Sussex Police revealed the sum while officers from 10 other forces were drafted in to help with policing the protest, which began last month.
Sussex Police and Crime Commissioner Katy Bourne said the force would now ask for help from the Government in meeting the growing bill.
"While Sussex Police continues to facilitate peaceful protest at the site in an appropriate and proportionate manner, the recent involvement of national groups suggests the demonstrations will continue long term," she said.
"This is leading to increased demand on police resources and is placing pressure on the police budget at a time when we are being asked to find significant savings.
"I am determined that this will not affect policing across the rest of Sussex and that the Chief Constable will have all the resources necessary to continue to keep Sussex safe."
More than 1,000 new protesters turned up yesterday at the site as part of a six-day protest camp on the outskirts of the village of Balcombe.
They included the fashion designer Vivienne Westwood who called for a public debate on the issue.
She told Sky News that Prime Minister David Cameron's stance supporting fracking was outrageous: "It's just storing up for the future, near future even, with financial problems and ultimately, you know, we'll all fry.
"You know the ice caps are melting, the Earth is going to change dramatically and I don't know where he's (David Cameron) coming from - what is this race?"

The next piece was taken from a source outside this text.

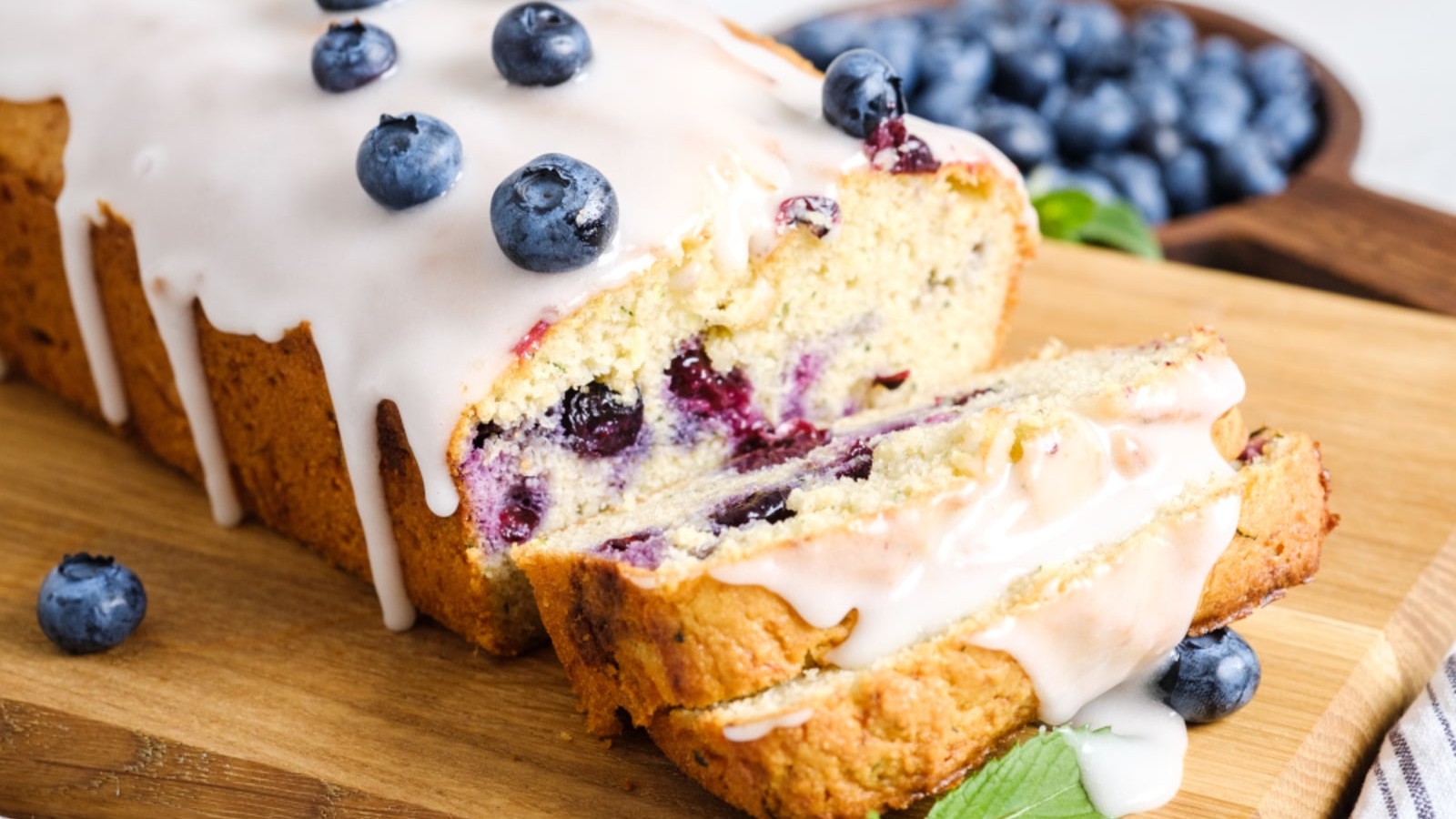 Keto Lemon-Blueberry Zucchini Bread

Balcombe has become the focal point of fracking protests since energy firm Cuadrilla prepared to drill for oil at the site.

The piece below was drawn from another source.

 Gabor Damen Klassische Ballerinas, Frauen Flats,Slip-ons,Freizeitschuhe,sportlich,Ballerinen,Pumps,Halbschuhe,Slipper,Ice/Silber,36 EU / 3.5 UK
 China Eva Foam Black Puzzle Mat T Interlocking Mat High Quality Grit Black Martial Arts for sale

Campaigners fear the test drilling could lead to hydraulic fracturing, also known as fracking, but Cuadrilla has said it is unlikely to turn the site into a fossil fuel production area.

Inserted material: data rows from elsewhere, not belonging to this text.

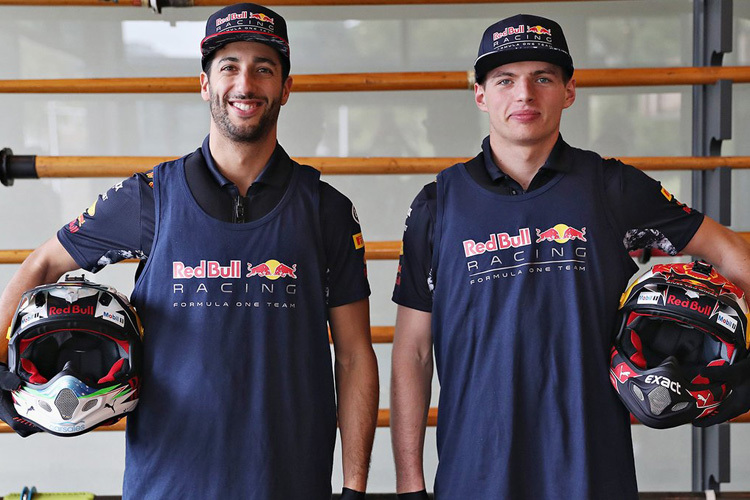 Daniel Ricciardo und Max Verstappen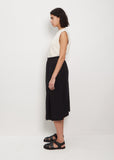 Linen & Cotton Field Skirt — Black
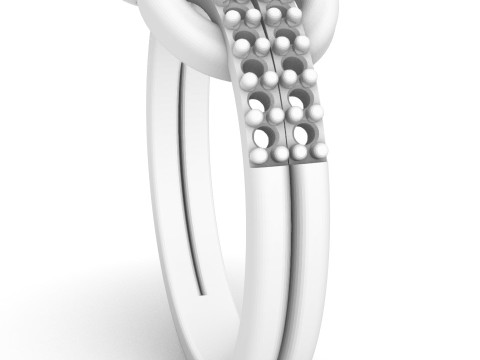 Diamond Knot Ring 3D 打印模型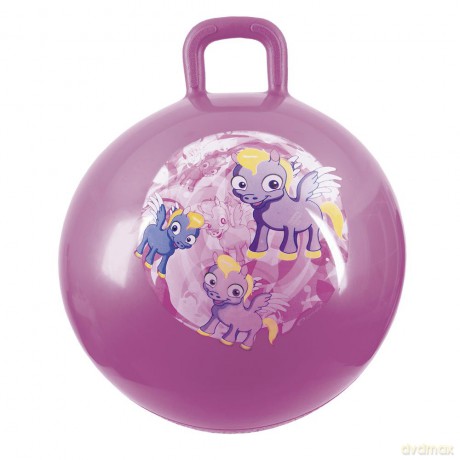 Spokey Piłka Gimnastyczna z Uchwytem Ponny Ball (Rozmiar 45 cm)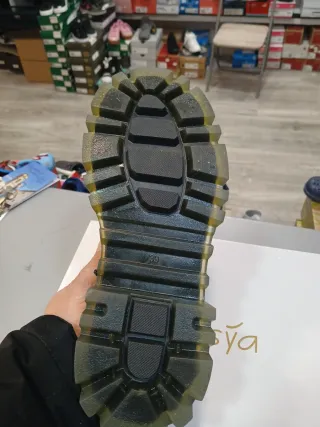 Zapatos mujer cordones negro y estampado talla 39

Conservationists have also lodged their objection to the planned scheme, warning that fracking close to an important, protected wildlife site for pink footed geese and whooper swans could disturb the birds.
In a letter to Lancashire County Council, the RSPB also raised concerns that increasing gas and oil use would undermine efforts to tackle climate change.
Protesters have now set up two camps a mile apart and some have said they intend to take "direct action" against the drilling site.
But some Balcombe residents have reacted angrily to the arrival of the anti-fracking protesters en masse, saying they are not representative of all villagers.
Derek Earl, 71, said: "I'm in the middle on the fracking debate, neither for nor against, but what I'm fed up with is the anti-frackers' behaviour.
"This lot have tunnel vision and they won't listen to anyone else's view. What is annoying is when they say that the overwhelming majority of the village supports them. They don't."